Mrs. Meir also appeared to be extending an olive branch to Likud when she credited its founder, Gen. Ariel (Arik) Sharon with a role in bringing about the POW agreement with Egypt. She mentioned Sharon, along with Gen. Aharon Yariv and Egyptian Gen. Mohammed Gemassi as deserving credit for the accord. Yariv and Gemassi did the bargaining. Gen. Sharon did not participate in the face-to-face meetings but Mrs. Meir may have been referring to the fact that it was his task force that crossed the Suez Canal and established an Israeli salient on the west bank creating a situation that made Egypt amenable to the cease-fire talks.
The Premier disclosed, however, that Egypt has rejected an Israeli proposal for a mutual pull-back of forces. She said Israel would withdraw its men from the west bank if Egypt evacuated its salient on the east bank. She suggested that Israel would be willing to have the UN Emergency Force (UNEF) occupy a strip on both sides of the canal. “At such a distance it is easy to violate the cease fire. But if everyone wants to preserve it, then it is made easier,” she said. Mrs. Meir added that despite the initial negative response by Egypt to the proposal “we must not give up hope. They will continue with the negotiations.” The Premier conceded that no progress has been made with Syria toward a POW exchange although “not a day or an hour has passed in which Israel did not seek some way to influence them to agree, the minimum they are obliged to do according to international law.”

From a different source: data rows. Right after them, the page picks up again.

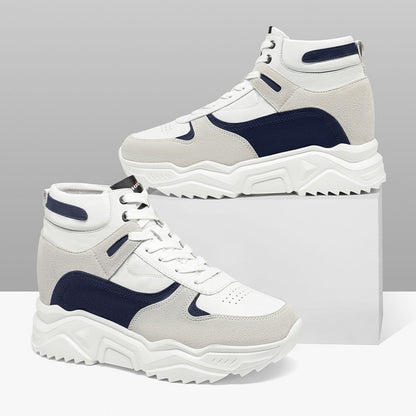 Men's White Navy High Top Elevator Sneakers | +10cm
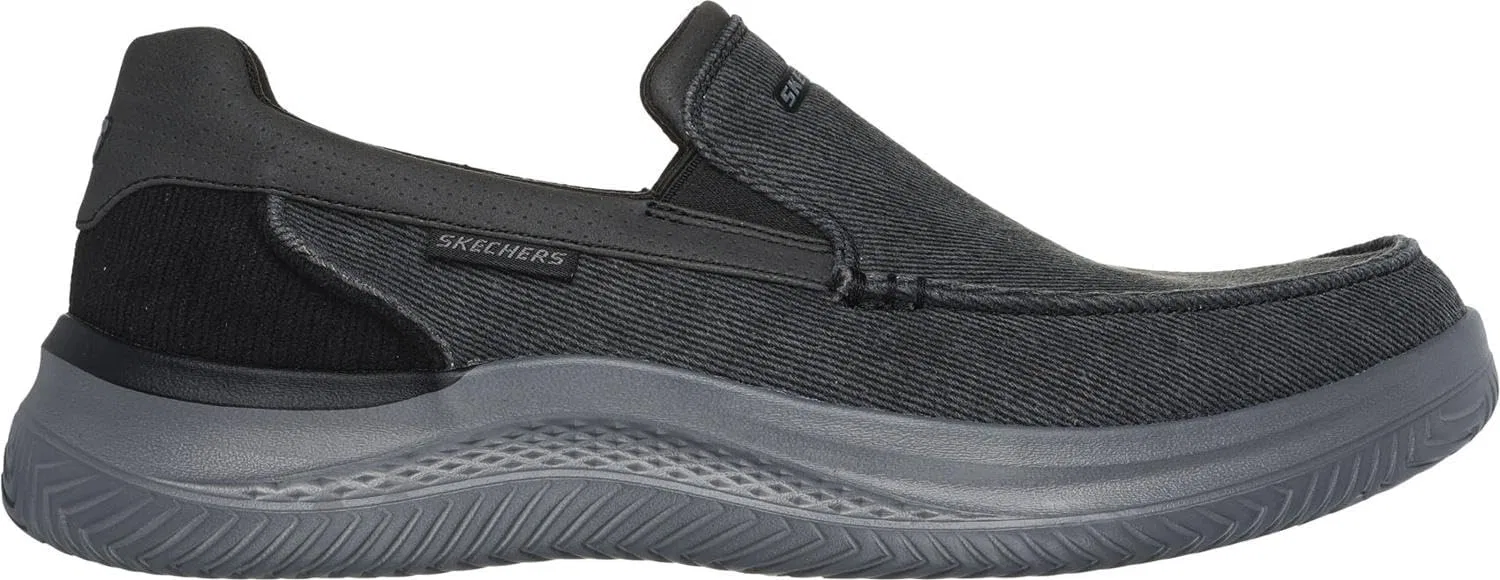 Мужские слипоны Skechers Hasting Fielden, Black Linen — фото 4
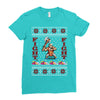 ugly sweater fight christmas t shirts Ladies Fitted T-Shirt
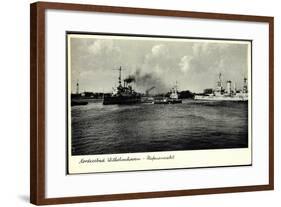 Wilhelmshaven, Blick Zum Hafen, Kriegsschiffe-null-Framed Giclee Print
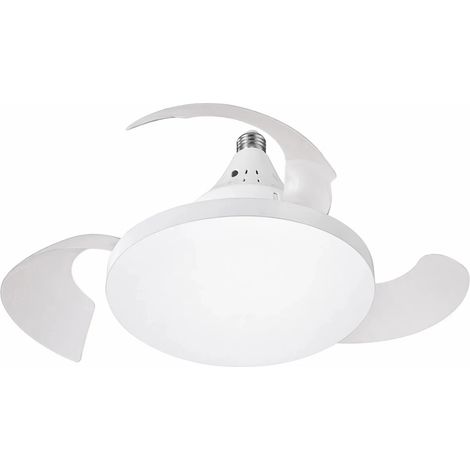 Lampada LED E27 con ventilatore integrato e pale a scomparsa LUCE CCT 3 colori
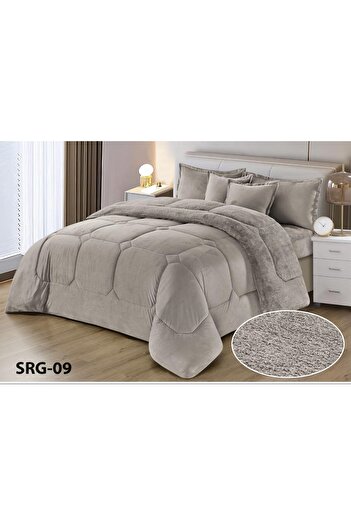 Moon Winter double bed set, 6 pieces, soft velvet middle filling with plain fur, double-sided, luxurious velvet material, quilt size 250*230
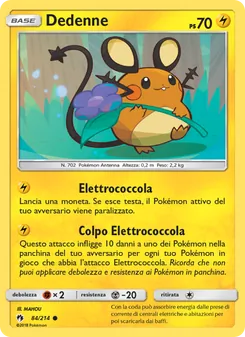 Carta Dedenne dell'espansione Tuoni Perduti, numero 84/214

She said that 10 days ago the Syrians made a proposal “of some kind” which Israel immediately accepted only to have the Syrians suddenly demand more. “We are not quite sure what exactly they are demanding,” she said. Mrs. Meir said that all aspects of the Yom Kippur War and the events preceding it would be delved into by the government’s inquiry to get under way soon. She said one of the issues would be whether the General Staff had recommended a preemptive strike by Israel when it became apparent that Egypt and Syria planned to attack. But, Mrs. Meir added, “If the situation had not been clear beyond a shadow of a doubt as to who started hostilities, I doubt whether the vital equipment we received in the course of time would have flowed in as it did and continues to do.”